Apparent lack of clearly defined specification

I have a sneaking suspicion that the combination of these failings mirror the many other development organisations who refuse to apply the discipline of engineering to their software projects. They are encouraged by bad stewards of engineering to “Move Fast and Break Things”. They are encouraged by snake-oil peddlers of “process improvement” that formal specification and testing are unnecessary burdens. And this must change.

I’m not alone in this call. Even the Venture Capitalist section of Harvard Business Review admits that this development culture is irresponsible and outdated. Software developers and project managers must be willing to #Disrupt the current industry norm and be willing to Move Moderately and Fix Things.

Libre software funding and market abuse

I’ve just read a troubling article from the developer of Aether.

What troubles me is not so much the differences we have, which likely stems from being in vastly different segments of libre software (he’s doing social media, and I’m in low-level systems). What troubles me is that he claims that it is an economic imperative to work at FAANG or a Silicon Valley startup for a number of years before working on libre software full time, and all of this on a false pretense.

Encouraging someone to have a long-term savings and funding plan is a good idea, perhaps even a great idea. It falls apart when he states that working for startups or FAANG are the only or best way you can earn that money — and then claiming that you could make 250,000 USD per month working at them[1]. This is flawed mathematics at best, and actively malicious to society at worst.

Most people are going to have to work at a company before founding their own, unless they have funding from external sources (be it angel investors, VC, inheritance, family and friends, etc). This is not what I take issue with. This issue I have is this false dichotomy that you can only make good money by working at FAANG or an abusive startup. As someone who actually has worked at two different startups in their life, I take personal issue with the way startup culture exploits its workers, investors, and society at large. This doesn’t even go in to how startup culture can also be bad for business.

This abuse is ingrained in to most, if not all, of the industry of Big Tech, ala FAANG. You might be able to wrestle some division of Apple, or the security research division of Netflix, out of this hole and point to them as an example of where I’m wrong.

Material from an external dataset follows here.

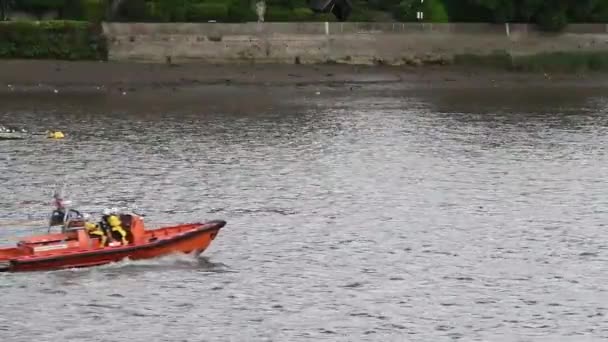 Spěchat Londýna Aby Jim Zachránil Život Plavčíci Spojené Království — Stock video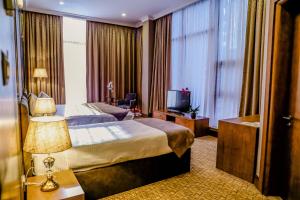 Afbeelding uit fotogalerij van Adisson Hotel Baku in Azadliq avenue in Baku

Oh, dear reader — even if you have the privilege of working in an area of the company that isn’t abusing its workers, you’re still complicit in that abuse by furthering the company’s mission and control over some part of the industry at best, and indirectly engaging in it yourself at worst.

It’s time for the computer industry to rise up and work at companies that respect their workers, and society. Quit FAANG like a bad habit, and find a company to work for that doesn’t trade in the abuse of power and users as its main product. And where those don’t yet exist, it’s time to found some. At the end of the day, we are all defined by the actions we take — which side of history do you want to be on?


[1]: And I quote, “If you can make $10,000 a month from donations doing open source work, I can guarantee you that your salary in any large tech company (or even startup) would be much more — to the tune of 10x to 25x.” The firm Indeed claim, at time of writing, that the highest paid research engineers at Google make about 246,000 USD per year; other companies pay even less. That’s 20,500 USD per month, or just about twice the amount he claims you might be able to make on donations doing ‘open source work’. And this doesn’t require you to further Google’s surveillance state.